◆ Task instructions: Nothing but a number should be written: the count of lines below that contain "Lake".

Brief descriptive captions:

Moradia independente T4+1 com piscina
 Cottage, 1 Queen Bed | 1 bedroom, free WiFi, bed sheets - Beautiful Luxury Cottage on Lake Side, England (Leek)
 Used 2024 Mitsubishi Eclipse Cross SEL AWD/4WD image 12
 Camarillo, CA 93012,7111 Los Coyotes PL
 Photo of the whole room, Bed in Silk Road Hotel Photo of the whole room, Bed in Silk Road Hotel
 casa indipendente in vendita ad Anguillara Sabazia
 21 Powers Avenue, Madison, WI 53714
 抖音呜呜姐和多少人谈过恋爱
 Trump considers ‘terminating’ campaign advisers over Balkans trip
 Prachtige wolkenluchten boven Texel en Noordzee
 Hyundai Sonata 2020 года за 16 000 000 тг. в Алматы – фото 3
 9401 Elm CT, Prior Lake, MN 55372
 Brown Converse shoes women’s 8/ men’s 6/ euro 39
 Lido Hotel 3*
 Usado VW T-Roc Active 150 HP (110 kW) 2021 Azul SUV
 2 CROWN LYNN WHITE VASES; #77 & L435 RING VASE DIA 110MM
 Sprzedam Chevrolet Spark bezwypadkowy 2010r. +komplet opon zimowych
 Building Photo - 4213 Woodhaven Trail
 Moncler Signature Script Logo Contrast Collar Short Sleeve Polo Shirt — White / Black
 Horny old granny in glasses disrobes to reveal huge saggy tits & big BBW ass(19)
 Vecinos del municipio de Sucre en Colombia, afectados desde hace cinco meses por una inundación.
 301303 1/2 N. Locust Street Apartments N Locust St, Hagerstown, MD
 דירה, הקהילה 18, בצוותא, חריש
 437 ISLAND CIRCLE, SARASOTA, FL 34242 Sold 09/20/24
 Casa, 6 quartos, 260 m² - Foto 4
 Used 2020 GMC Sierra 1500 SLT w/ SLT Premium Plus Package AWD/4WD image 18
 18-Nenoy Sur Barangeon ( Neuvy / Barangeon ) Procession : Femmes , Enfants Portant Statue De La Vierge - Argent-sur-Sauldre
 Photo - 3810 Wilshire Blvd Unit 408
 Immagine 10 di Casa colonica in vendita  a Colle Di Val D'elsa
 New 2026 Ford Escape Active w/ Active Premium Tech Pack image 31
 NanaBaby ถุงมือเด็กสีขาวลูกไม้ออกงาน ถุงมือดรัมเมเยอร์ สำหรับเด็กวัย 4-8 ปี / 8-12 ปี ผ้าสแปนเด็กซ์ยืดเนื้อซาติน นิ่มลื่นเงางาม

◆ Solution to this problem: 2